Below are the models currently added to the special repository, including their file size and a link to the source.
Model | Parameters | FP32 | FP16 | INT8 | Source link |
---|---|---|---|---|---|
paraphrase-albert-small-v2 | 11.7M | 45MB | 22MB | 38MB | HF 🤗 |
all-MiniLM-L6-v2 | 22.7M | 90MB | 45MB | 23MB | HF 🤗 |
paraphrase-MiniLM-L6-v2 | 22.7M | 90MB | 45MB | 23MB | HF 🤗 |
multi-qa-MiniLM-L6-cos-v1 | 22.7M | 90MB | 45MB | 23MB | HF 🤗 |
msmarco-MiniLM-L-6-v3 | 22.7M | 90MB | 45MB | 23MB | HF 🤗 |
all-MiniLM-L12-v2 | 33.4M | 127MB | 65MB | 32MB | HF 🤗 |
gte-small | 33.4M | 127MB | 65MB | 32MB | HF 🤗 |
all-distilroberta-v1 | 82.1M | 313MB | 157MB | 79MB | HF 🤗 |
all-mpnet-base-v2 | 109M | 418MB | 209MB | 105MB | HF 🤗 |
multi-qa-mpnet-base-dot-v1 | 109M | 418MB | 209MB | 105MB | HF 🤗 |
paraphrase-multilingual-MiniLM-L12-v2 | 118M | 449MB | 225MB | 113MB | HF 🤗 |
text2vec-base-multilingual | 118M | 449MB | 225MB | 113MB | HF 🤗 |
distiluse-base-multilingual-cased-v1 | 135M | 514MB | 257MB | 129MB | HF 🤗 |
paraphrase-multilingual-mpnet-base-v2 | 278M | 1.04GB | 530MB | 266MB | HF 🤗 |
gte-multilingual-base | 305M | 1.17GB | 599MB | 324MB | HF 🤗 |
gte-large | 335M | 1.25GB | 640MB | 321MB | HF 🤗 |
all-roberta-large-v1 | 355M | 1.32GB | 678MB | 340MB | HF 🤗 |
LaBSE | 470M | 1.75GB | 898MB | 450MB | HF 🤗 |
PySentence-Similarity supports FP32
, FP16
, and INT8
dtypes.
- FP32: 32-bit floating-point format that provides high precision and a wide range of values.
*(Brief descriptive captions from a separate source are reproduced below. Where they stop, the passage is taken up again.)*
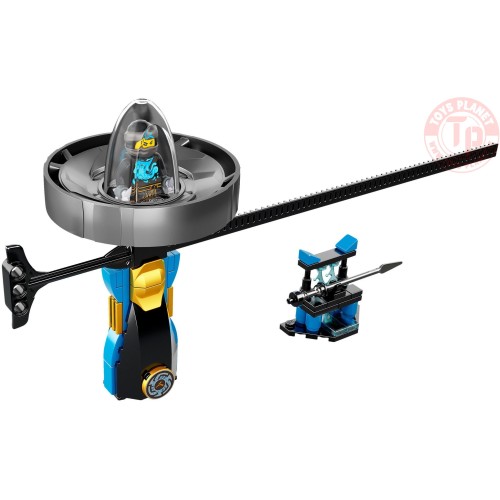 Nya Maestro Di Spinjitzu LEGO Ninjago 70634 LEGO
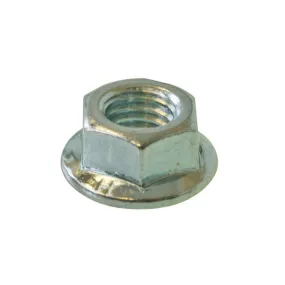 HOENDERDAAL FASTENERS  FLENSMOER  M8  DIN6923  VERZINKT  KLASSE 8 (100 STUKS)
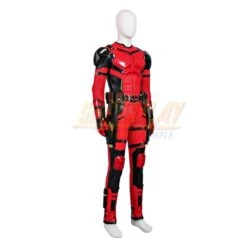 3D Printing Breastplate Design Deadpool 3 Samurai Deadpool Cosplay Costume 28 3D Printing Breastplate Design Deadpool 3 Samurai Deadpool Cosplay Costume -Simcosplay Outlet Store dp3d 2 3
- FP16: 16-bit floating-point format, reducing memory consumption and computation time, with minimal loss of precision (typically less than 1%).
- INT8: 8-bit integer quantized format that greatly reduces model size and speeds up output, ideal for resource-constrained environments, with little loss of precision.
Usage examples 📖
Compute similarity score 📊
Let's define the similarity score as the percentage of how similar the sentences are to the original sentence (0.75 = 75%), default compute function is cosine
You can use CUDA 12.X by passing the device='cuda'
parameter to the Model object; the default is cpu
. If the device is not available, it will automatically be set to cpu
.
from pysentence_similarity import Model
from pysentence_similarity.utils import compute_score
# Create an instance of the model all-MiniLM-L6-v2; the default dtype is `fp32`
model = Model("all-MiniLM-L6-v2", dtype="fp16")
sentences = [
"This is another test.",
"This is yet another test.",
"We are testing sentence similarity."
]
# Convert sentences to embeddings
# The default is to use mean_pooling as a pooling function
source_embedding = model.encode("This is a test.")
embeddings = model.encode(sentences, progress_bar=True)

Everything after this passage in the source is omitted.